§ **Try it**
From the material below, retype exactly the lines that begin at the line with "Beans and Pranks" and end after the line with "All years again: Christmas Season Stories"; pictures stay out of the copy.

§ **The input**
-=-=-=-=-
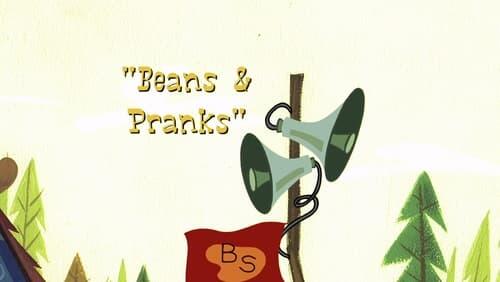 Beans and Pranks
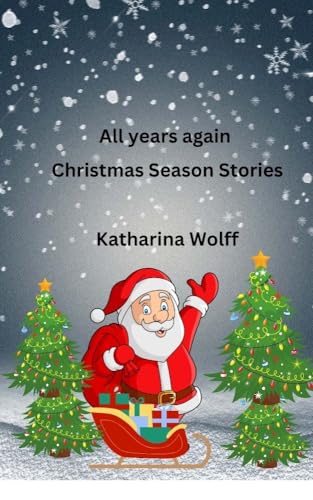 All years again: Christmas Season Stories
-=-=-=-=-
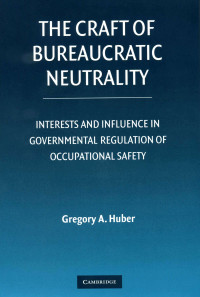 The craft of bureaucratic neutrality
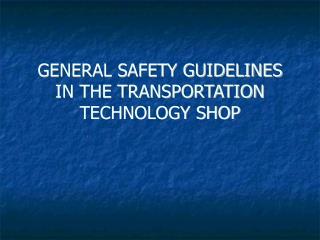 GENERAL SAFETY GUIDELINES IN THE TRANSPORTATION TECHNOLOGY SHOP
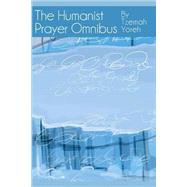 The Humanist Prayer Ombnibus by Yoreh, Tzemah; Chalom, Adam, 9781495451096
-=-=-=-=-
§ **Answer to the problem**
 Beans and Pranks
 All years again: Christmas Season Stories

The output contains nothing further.